As Andrew Ross Sorkin observed, yes Geithner may have saved “the World,” but it was the World as he saw it through his eyes. He may have succeeded in preserved the Old Order, but expect the torches and pitchforks to come out in January when the Wall Street bonuses are announced.
Posted by: Mitchell | November 22, 2009, 2:19 pm 2:19 pm
Geithner’s excuse that he didn’t create the problem is getting very old, not mention that it’s just wrong. He was very much part of the original problem. More importantly, though, he and the Obama regime have done everything wrong since taking over the White House.
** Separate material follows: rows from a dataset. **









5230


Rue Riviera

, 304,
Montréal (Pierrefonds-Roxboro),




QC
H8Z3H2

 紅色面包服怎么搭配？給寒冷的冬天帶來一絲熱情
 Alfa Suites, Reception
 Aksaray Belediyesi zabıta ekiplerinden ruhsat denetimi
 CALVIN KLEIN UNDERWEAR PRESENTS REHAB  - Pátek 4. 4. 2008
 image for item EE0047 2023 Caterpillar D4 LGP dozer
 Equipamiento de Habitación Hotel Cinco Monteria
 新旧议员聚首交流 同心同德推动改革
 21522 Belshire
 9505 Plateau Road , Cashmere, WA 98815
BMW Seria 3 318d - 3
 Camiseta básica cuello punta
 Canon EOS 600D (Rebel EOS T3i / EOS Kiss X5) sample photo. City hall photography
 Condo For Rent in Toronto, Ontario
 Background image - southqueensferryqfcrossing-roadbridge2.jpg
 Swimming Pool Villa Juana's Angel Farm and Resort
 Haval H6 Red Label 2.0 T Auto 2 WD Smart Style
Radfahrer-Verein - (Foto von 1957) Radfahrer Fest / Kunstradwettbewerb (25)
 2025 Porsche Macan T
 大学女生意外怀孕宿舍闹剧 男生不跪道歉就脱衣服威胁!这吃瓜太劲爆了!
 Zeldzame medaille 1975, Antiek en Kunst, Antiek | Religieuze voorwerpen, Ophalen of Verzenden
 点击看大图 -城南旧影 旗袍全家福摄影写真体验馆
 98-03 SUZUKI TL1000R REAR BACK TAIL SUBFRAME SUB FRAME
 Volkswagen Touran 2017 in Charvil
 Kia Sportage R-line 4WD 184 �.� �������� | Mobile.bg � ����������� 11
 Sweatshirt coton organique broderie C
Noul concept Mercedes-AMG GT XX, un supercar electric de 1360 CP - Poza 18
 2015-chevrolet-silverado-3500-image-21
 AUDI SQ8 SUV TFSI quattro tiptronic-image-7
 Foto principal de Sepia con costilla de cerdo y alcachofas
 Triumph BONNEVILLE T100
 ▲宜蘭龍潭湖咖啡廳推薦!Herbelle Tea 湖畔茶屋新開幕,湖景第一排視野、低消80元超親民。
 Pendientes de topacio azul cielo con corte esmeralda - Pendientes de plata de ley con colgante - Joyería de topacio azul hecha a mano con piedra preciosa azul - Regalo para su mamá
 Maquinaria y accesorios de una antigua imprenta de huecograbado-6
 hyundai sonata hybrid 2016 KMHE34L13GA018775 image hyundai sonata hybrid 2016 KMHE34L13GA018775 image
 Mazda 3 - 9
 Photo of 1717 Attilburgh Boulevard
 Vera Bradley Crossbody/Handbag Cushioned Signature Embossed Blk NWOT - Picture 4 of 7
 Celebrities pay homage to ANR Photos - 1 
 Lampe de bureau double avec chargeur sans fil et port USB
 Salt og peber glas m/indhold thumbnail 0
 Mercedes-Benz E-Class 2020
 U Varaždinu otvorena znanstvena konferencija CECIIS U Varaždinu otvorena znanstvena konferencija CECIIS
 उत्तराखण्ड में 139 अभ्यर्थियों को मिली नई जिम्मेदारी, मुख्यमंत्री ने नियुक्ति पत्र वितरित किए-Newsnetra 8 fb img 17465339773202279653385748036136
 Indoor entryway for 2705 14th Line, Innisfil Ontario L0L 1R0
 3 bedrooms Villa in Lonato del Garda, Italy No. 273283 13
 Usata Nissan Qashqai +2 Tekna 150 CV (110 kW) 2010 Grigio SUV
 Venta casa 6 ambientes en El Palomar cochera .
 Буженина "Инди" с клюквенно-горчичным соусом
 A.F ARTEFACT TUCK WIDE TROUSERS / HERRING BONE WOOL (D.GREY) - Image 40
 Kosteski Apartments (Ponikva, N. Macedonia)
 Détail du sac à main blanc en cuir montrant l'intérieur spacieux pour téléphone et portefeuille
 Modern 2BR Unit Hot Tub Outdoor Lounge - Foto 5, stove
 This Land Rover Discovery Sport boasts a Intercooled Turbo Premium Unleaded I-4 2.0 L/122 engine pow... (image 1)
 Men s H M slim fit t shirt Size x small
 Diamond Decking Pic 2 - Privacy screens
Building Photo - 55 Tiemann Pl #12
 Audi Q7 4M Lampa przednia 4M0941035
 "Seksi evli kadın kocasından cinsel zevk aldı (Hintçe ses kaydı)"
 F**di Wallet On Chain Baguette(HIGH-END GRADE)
They have restored profits to Wall Street (including unjustly enriching some of the firms through the bailouts) at great cost to the taxpayer, but have done nothing for Main Street, which is our real engine for economic growth.
What we need to do is focus on providing liquidity to small businesses and eliminating confusion and uncertainty from the business planning process, which is being created by all of Mr. Obama’s wonderful change, such as tax hikes, increased health care costs, and cap and trade. Who can make plans for the future — including increasing staff levels — when you have no idea how you’re going to be rocked by such exogenous factors? Few lay people and academics understand that this is what’s holding the economy back, along with a wasteful and ineffective first stimulus program. Business leaders are going to sit on their hands until they can quantify what’s going on, and that’s not going to happen until confusion is reduced and conditions stabilize. Whether Obama and his team have the right items on their agenda will be decided years in the future, but it is clear now that they are choosing the wrong time to try to execute those items.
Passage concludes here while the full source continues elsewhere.